Ayrıca Aliyev, Rus barış güçlerinin Karabağ’dan çekilmesinden kısa bir süre sonra ve babası Haydar Aliyev’in katılımıyla inşa edilen Baykal-Amur Ana Hattı demiryolunun yıldönümünü kutlamak üzere nisan ayında Moskova’ya gitmişti.
Görüşmelerin ana konuları geleneksel olarak ticaret ve ulaştırma işbirliğinin geliştirilmesinin yanı sıra Dağlık Karabağ ihtilafının çözümü de dahil olmak üzere Güney Kafkasya’nın güvenlik meseleleri oldu.
Moskova özellikle Azerbaycan’ın Ermenistan ile ilişkilerinin normalleşmesini desteklemeye devam etmeye hazır, bir barış anlaşması imzalanmasını, Azerbaycan-Ermenistan sınırının belirlenmesi ve sınırlandırılması sürecinin ilerletilmesini, 2020-2022 yıllarında en üst düzeyde varılan üçlü anlaşmalar temelinde bölgedeki ulaşım, lojistik ve iktisadi bağların önündeki engellerin kaldırılmasını hala kilit görevler olarak görüyor.
Öte yandan Kuzey-Güney güzergâhının sadece Orta Doğu pazarlarına ek bir erişim yolu olmasını değil, aynı zamanda Süveyş Kanalı üzerinden geçen deniz yolundan daha cazip olmasını da umuyor.
Aliyev, görüşme öncesinde yaptığı açıklamada, “Rusya ile ikili ilişkilerde çözülmesi gereken sorunlar yok ve zaten oldukça uzun bir süredir var,” ifadelerini kullandı.
Azerbaycan lideri, temmuz sonunda TASS haber ajansına verdiği mülakatta, özellikle uzun süredir devam eden sorunların ‘karşılıklı anlayış, karşılıklı saygı, karşılıklı çıkarların göz önünde bulundurulması ve halklarımız arasındaki ilişkilerin yüzyıllara dayanan tarihi dikkate alınarak’ çözüldüğünü söyledi.
Bir ay önce Putin iki ülke yetkilileri arasındaki etkileşimi ‘başarılı, güvenilir ve oldukça pragmatik’ olarak değerlendirmişti.

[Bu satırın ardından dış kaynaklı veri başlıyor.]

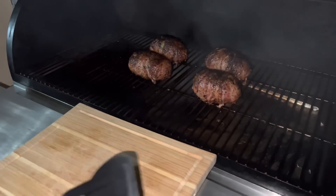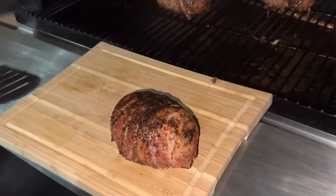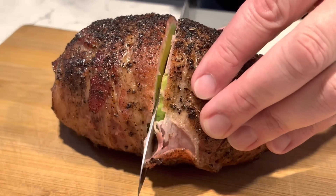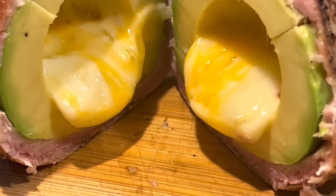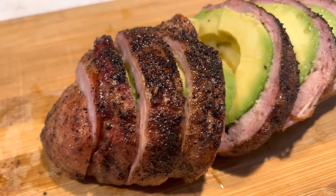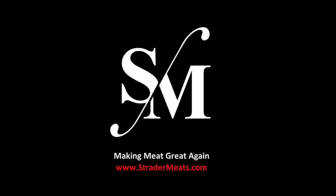And we are done. Look at these babies — smoked to absolute perfection. Is an avocado a fruit or a vegetable? It doesn't matter at this point, it's got smoke rings. I'm eating it.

Putin, Bakü’nün devletlerarası ilişkileri karşılıklı çıkar ve sempati temelinde inşa etmek istediğine işaret etmişti.
Azerbaycanlı siyaset bilimci İlgar Velizade, Nezavisimaya Gazeta‘ya verdiği demeçte Moskova ile Bakü arasındaki ilişkilerin en yüksek gelişme noktasında olduğuna dikkat çekti.

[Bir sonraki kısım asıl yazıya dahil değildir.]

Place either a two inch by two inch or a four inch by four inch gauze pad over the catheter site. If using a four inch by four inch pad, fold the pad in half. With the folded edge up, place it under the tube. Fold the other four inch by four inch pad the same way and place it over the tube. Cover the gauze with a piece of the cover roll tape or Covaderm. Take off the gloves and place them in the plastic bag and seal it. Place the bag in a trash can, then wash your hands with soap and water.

Velizade, “Tarafların stratejik ittifaklarını güçlendirecek bazı belgeler imzalayacakları varsayılabilir. Bu durumda en çok Kuzey-Güney projesi dikkat çekiyor. Aliyev, nisan ayında Moskova’ya yaptığı ziyaret sırasında lojistik alanında bazı önemli kararlardan söz etmişti. Bunu Bakü’de kamuoyuna sunmaları da göz ardı edilemez,” dedi.
Velizade’ye göre iki ülke arasındaki iktisadi ilişkiler aktif bir şekilde gelişiyor. 2023 yılında ticaret hacmi yaklaşık 4,3 milyar dolardı.
Bu arada, genel olarak Güney Kafkasya’daki ilişkiler son derece karmaşık olmaya devam ediyor. Özellikle Moskova ile Bakü arasındaki diyaloğun gelişmesi, Moskova ve Erivan arasındaki gerilimin yükseldiği dönemde gerçekleşiyor.
Geçen hafta Rusya hükümeti, Ermenistan’da 8. sınıflar için hazırlanan tarih ders kitabını eleştirdi. Yetkililer, bölümlerden birinin 19. yüzyılın ilk yarısında Rus İmparatorluğu ile İran arasındaki savaşın sonunu anlatan ‘Doğu Ermenistan’ın Rusya’ya Zorla İlhakı’ başlığını taşımasına tepki göstermişti.
Moskova, “Rus İmparatorluğu’nun ve daha sonra SSCB ve Rusya’nın bugünkü Ermenistan’ın oluşumundaki özel rolünü sorgulamak, genel olarak bilinen gerçeklere karşı çıkmak anlamına gelir,” açıklamasını yapmıştı.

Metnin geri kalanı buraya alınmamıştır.